What is expected – Look below for the line containing "Mary | Short Sleeve Midi Dress" and the line containing "Nom Organic Cinnamon Maple Popcorn"; repeat exactly those two lines and all lines between them, and nothing else.

═══ Supplied material

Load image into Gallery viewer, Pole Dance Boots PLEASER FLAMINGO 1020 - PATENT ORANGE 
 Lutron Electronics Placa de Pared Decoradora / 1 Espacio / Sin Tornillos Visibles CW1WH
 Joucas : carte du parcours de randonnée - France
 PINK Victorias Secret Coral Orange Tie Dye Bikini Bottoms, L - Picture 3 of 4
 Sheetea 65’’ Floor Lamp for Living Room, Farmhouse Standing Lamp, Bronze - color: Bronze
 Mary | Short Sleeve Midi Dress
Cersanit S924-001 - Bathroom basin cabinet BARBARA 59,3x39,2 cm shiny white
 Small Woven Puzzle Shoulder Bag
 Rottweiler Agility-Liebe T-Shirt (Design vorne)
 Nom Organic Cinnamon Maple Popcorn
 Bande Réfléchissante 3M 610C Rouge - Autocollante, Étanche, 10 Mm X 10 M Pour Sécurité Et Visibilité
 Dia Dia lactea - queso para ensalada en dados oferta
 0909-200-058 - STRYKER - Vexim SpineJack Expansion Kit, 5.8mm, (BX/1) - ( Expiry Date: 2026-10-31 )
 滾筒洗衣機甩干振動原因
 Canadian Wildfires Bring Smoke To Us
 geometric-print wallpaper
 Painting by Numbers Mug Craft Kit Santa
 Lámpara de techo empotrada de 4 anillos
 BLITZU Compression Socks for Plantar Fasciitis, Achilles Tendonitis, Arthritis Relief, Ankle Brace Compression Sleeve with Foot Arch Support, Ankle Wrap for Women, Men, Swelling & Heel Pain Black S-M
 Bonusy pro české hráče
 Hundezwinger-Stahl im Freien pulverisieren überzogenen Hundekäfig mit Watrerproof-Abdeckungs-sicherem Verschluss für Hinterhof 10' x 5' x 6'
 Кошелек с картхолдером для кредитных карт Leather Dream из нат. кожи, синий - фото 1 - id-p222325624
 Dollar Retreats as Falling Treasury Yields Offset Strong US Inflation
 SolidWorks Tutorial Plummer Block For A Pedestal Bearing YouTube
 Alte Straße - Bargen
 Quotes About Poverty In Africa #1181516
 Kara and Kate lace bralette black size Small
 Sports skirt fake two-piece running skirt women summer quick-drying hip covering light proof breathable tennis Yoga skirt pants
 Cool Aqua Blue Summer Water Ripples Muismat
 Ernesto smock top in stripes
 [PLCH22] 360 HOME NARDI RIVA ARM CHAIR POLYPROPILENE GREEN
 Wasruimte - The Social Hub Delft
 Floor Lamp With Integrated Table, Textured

══════

Completed exercise –
 Mary | Short Sleeve Midi Dress
Cersanit S924-001 - Bathroom basin cabinet BARBARA 59,3x39,2 cm shiny white
 Small Woven Puzzle Shoulder Bag
 Rottweiler Agility-Liebe T-Shirt (Design vorne)
 Nom Organic Cinnamon Maple Popcorn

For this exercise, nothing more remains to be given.